Attack against Colombian Goldman recipient showcases violence against activists (May 7, 2019)

Francia Márquez, one of Colombia’s most-prominent grassroots activists, was attacked by gunmen in the southern town of Santander de Quilichao. Márquez, who won last year's Goldman Environmental Prize for her work fighting illegal gold mining by armed groups in her Afro-Colombian community, survived the attack, reports the Associated Press

Nonetheless, the attack highlights the dangers faced by activists in a country where one is killed, on average, every two days, notes Reuters.

Márquez was at an event that gathered 16 other major Afro-Colombian leaders.

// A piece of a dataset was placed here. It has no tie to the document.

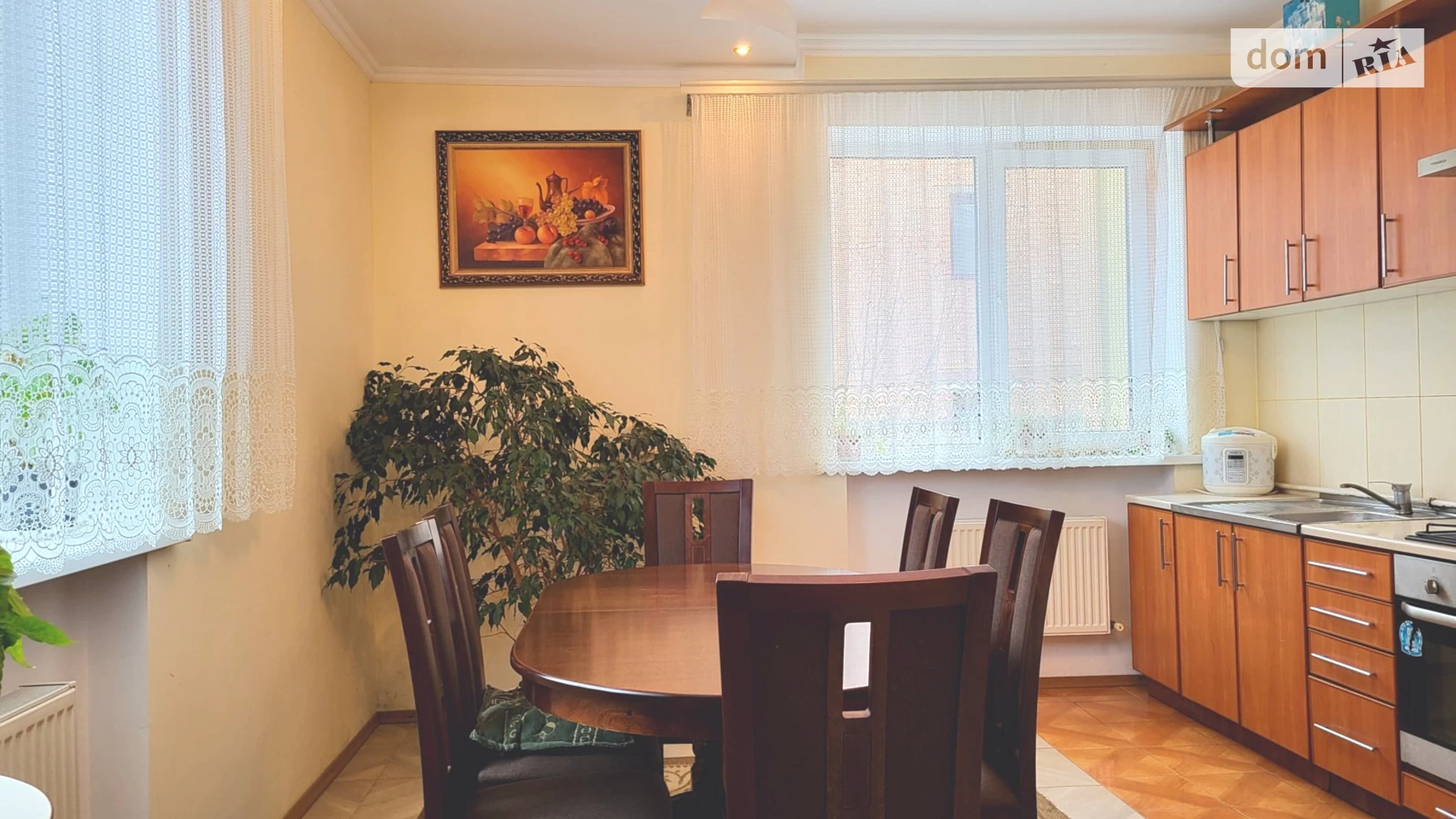 Пятничаны Винница, цена: 220000 $ - фото 2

One receive a Whatsapp threat yesterday warning that Saturday's attack -- which involved a grenade and crossfire with security agents -- was just the beginning, reports La Silla Vacía.

Separately, social conflict has become a hallmark of the Duque administration, particularly in Colombia's Cauca region. President Iván Duque has criminalized protesters though and likened them to guerrillas, reports Nueva Sociedad.

News Briefs

  • Costa Rican president Carlos Alvarado inaugurated the third meeting of the International Contact Group (ICG) on Venezuela last night, reports the Tico Times. Federica Mogherini, High Representative of the European Union for Foreign Affairs and Security Policy, attended, as did representatives from 11 European and Latin American nations.
  • Cuba is reportedly willing to participate in negotiating an exit to the Venezuelan crisis, but would require President Nicolás Maduro to participate, reports Bloomberg. (See yesterday's post.)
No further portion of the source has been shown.